Они вскочили одновременно: Стефан, держа клинок на замахе, эльф – со стрелой на тетиве. В краткое мгновение, растянувшееся на половину дня, они смотрели друг на друга.
У эльфа была раскроена щека, кусок уха свисал на тонкой полоске кожи. Мертвый глаз смотрел в сторону.
В следующее мгновение пехотный фламберг ударил эльфа в грудь, с хрустом прошел насквозь и выскочил из спины на две ладони. Эльф даже не вскрикнул. Молча повалился назад, продолжая держать в левой руке лук.
Тетива все еще вибрировала…
Пустая.
Стефан подошел и ухватился за рукоять меча. С усилием выдернул. И упал.
Вырвавшийся из него поток крови он уже не заметил. Только вдруг стало горячо и мокро…
Тяжелая стрела с серыми перьями. Рассчитанная, чтобы пробить доспехи.
А Стефан забулькал и упал. Небо над ним было невозможно высоким.
Последние слова, подумал он. «Я… я должен сказать последние слова…»

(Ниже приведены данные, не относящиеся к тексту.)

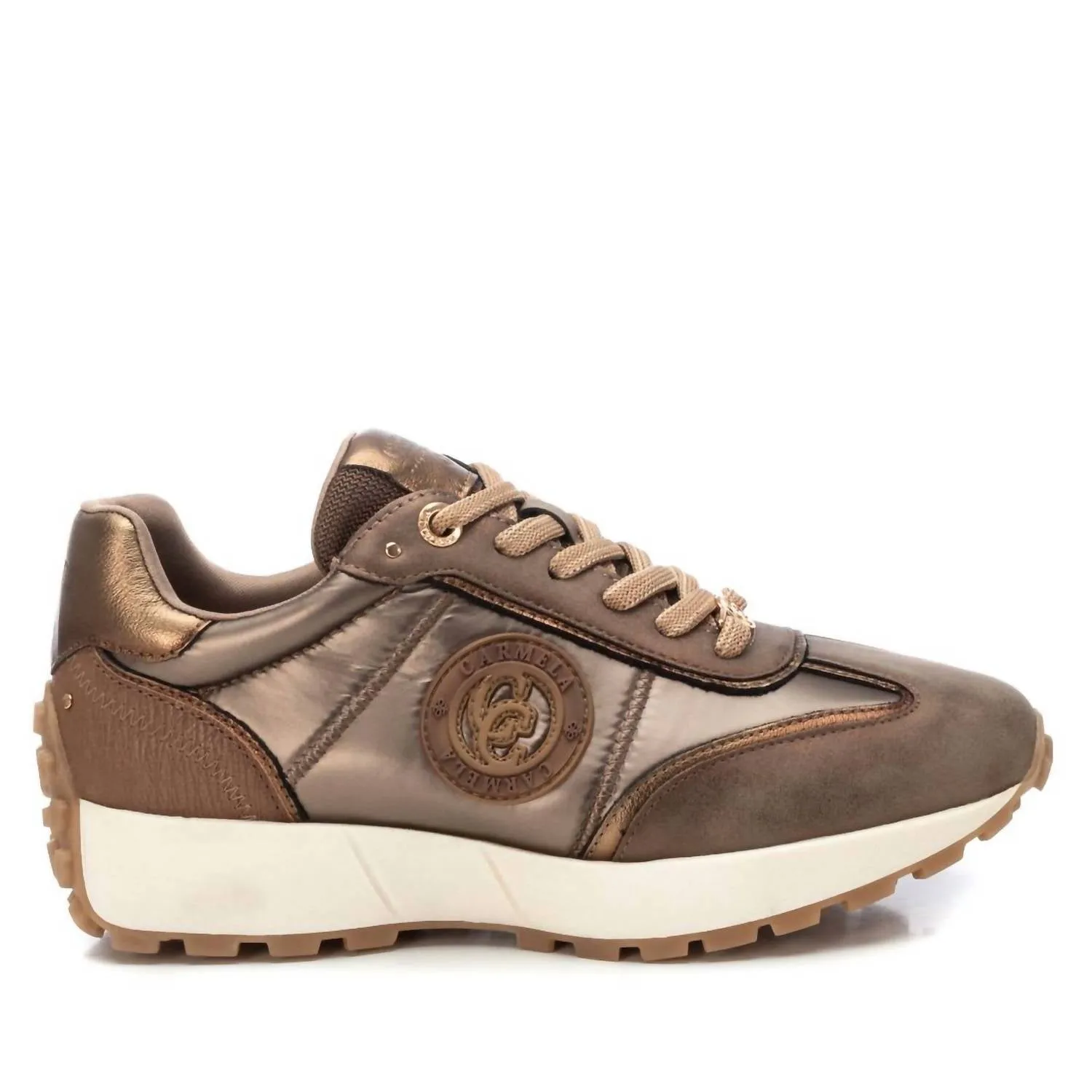 Multi Directional Tread Women's Leather Trainers Sneakers In Taupe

Губы шевельнулись. Но этих слов уже никто не услышал.
* * *
Идзи вышел вперед, поднимая руки. Имперцы переглянулись. При виде его отрастающей бороды солдаты заметно занервничали.
Кнехт сглотнул.
– Я… я тебя знаю?
– Меня зовут Идзи Бласкег. Говорят, я ем на завтрак младенцев и пью кровь девственниц.
Идзи причмокнул. Солдаты попятились.
– И знаете что? – Гном ослепительно улыбнулся. – Это правда.
Он опустил руки и пошел к ним своим мягким, слегка шаркающим шагом. На носу трогательно блестели круглые очки.
– Не надо меня бояться, – ласково и тихо сказал Идзи Бласкег, прозванный Синебородым. – Я ничего вам не сделаю. Поверьте мне.
Он раскрыл объятия.
– Что же вы?
Солдаты замерли, словно Идзи был огромной змеей. Чудовищным василиском, чей взгляд превращает человека в камень.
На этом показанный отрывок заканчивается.